# miley



## mandym (Jun 5, 2011)

Last night i gave miley a little homer haircut.The others all went to the groomer recently but i do every second groom with miley myself beacause i dont like her too short,she is far too little to get a very short haircut because her little legs would look like cocktail sticks haha.Here is a before and after pic,its very subtle,only a neaten up but you should have seen the amount of hair that came off! xxx
BEFORE









AFTER


----------



## ali-s.j. (Jun 6, 2011)

What a pretty girl 
Good job Mandy


----------



## mandym (Jun 5, 2011)

just added a standing up pic,its not perfect but she is a lot cooler and its not too scalped lol x


----------



## emmelg (Mar 4, 2012)

Miley looks lovely, I think I need to give bailey a trim as it's getting warm but am not too sure as he's still only 5 months old, and I don't want to loose his curls 

Did you use scissors mandy or clippers?


----------



## lady amanda (Nov 26, 2010)

OH! she looks so great!


----------



## JoJo (Mar 2, 2011)

Love her ... she is just stunning ... xxx


----------



## Sezra (May 20, 2011)

Miley looks fab!

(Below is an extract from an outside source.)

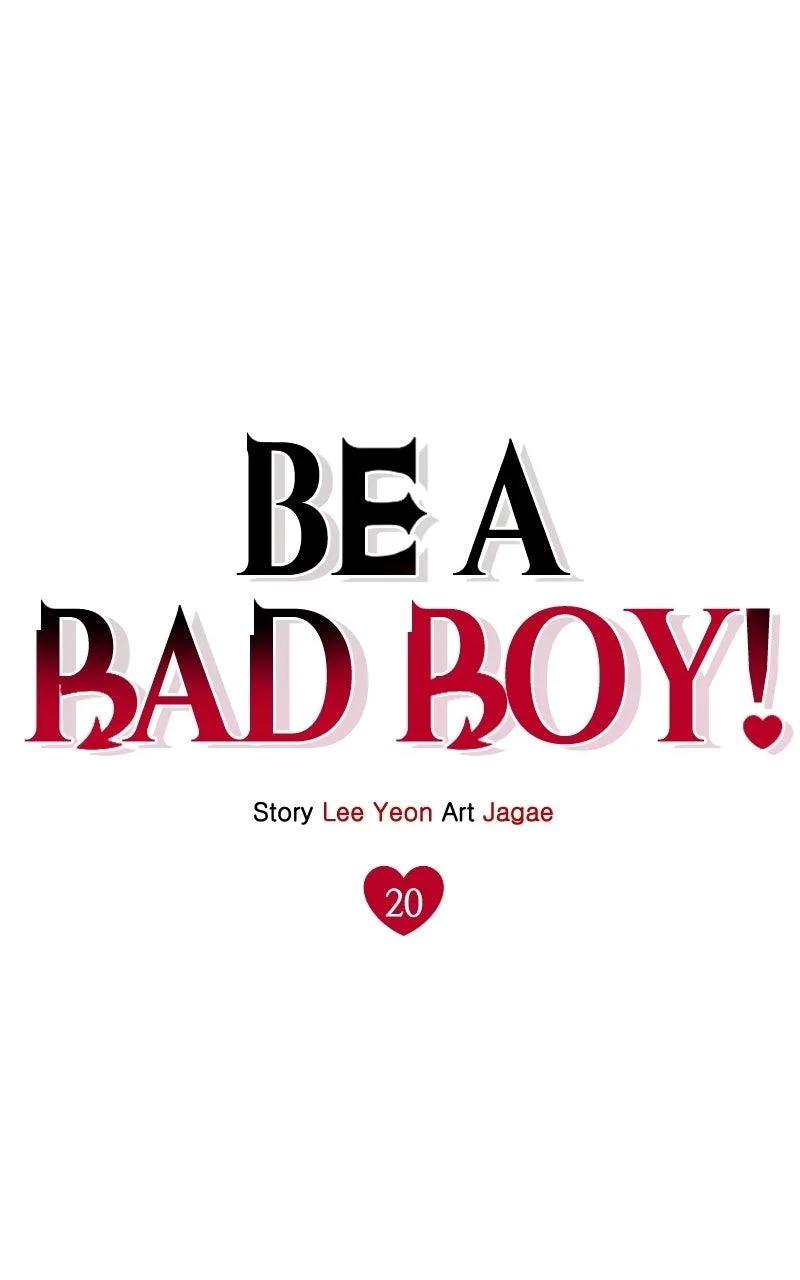 Be A Bad Boy! Chapter 20 page 30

Well done


----------



## Janev1000 (Oct 4, 2011)

Georgeous Mandy! She has such a gentle expression. x


----------



## javorb (Jan 26, 2012)

Hi Mandy
What a little princess, she looks so lovely.


----------



## Stela12 (Mar 1, 2012)

She is so beautiful! Great job!!!


----------



## JulesB (Mar 6, 2011)

She is so cute!!! X


----------



## Mogdog (Feb 6, 2011)

Such a pretty girl .... before as well as after. x


----------



## Jedicrazy (Apr 26, 2011)

She looks gorgeous as always :love-eyes:. You've done a great job there Mandy .


----------



## MillieDog (Jun 1, 2011)

Lovely job, nice a subtle but definitely a reduction in fur.
She looks such a girlie dog too.


----------